**Records provided:**

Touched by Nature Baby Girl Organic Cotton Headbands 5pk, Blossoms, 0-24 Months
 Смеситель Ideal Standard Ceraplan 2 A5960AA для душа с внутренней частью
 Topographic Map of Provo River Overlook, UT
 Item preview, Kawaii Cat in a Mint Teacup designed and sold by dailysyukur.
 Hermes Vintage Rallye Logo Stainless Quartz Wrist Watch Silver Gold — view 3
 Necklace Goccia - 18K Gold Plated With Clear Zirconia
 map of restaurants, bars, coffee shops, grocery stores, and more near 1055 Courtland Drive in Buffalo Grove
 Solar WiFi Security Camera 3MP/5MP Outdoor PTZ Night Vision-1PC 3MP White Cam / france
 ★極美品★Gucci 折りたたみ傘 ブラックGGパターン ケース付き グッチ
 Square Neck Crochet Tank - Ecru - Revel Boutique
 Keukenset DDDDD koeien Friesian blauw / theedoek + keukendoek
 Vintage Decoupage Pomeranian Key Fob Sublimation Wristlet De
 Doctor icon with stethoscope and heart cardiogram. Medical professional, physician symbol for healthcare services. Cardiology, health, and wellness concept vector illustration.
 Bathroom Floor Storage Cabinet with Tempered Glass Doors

**Task requirements:**
Repeat the entries exactly, leaving nothing out.

**Response to the exercise:**
Touched by Nature Baby Girl Organic Cotton Headbands 5pk, Blossoms, 0-24 Months
 Смеситель Ideal Standard Ceraplan 2 A5960AA для душа с внутренней частью
 Topographic Map of Provo River Overlook, UT
 Item preview, Kawaii Cat in a Mint Teacup designed and sold by dailysyukur.
 Hermes Vintage Rallye Logo Stainless Quartz Wrist Watch Silver Gold — view 3
 Necklace Goccia - 18K Gold Plated With Clear Zirconia
 map of restaurants, bars, coffee shops, grocery stores, and more near 1055 Courtland Drive in Buffalo Grove
 Solar WiFi Security Camera 3MP/5MP Outdoor PTZ Night Vision-1PC 3MP White Cam / france
 ★極美品★Gucci 折りたたみ傘 ブラックGGパターン ケース付き グッチ
 Square Neck Crochet Tank - Ecru - Revel Boutique
 Keukenset DDDDD koeien Friesian blauw / theedoek + keukendoek
 Vintage Decoupage Pomeranian Key Fob Sublimation Wristlet De
 Doctor icon with stethoscope and heart cardiogram. Medical professional, physician symbol for healthcare services. Cardiology, health, and wellness concept vector illustration.
 Bathroom Floor Storage Cabinet with Tempered Glass Doors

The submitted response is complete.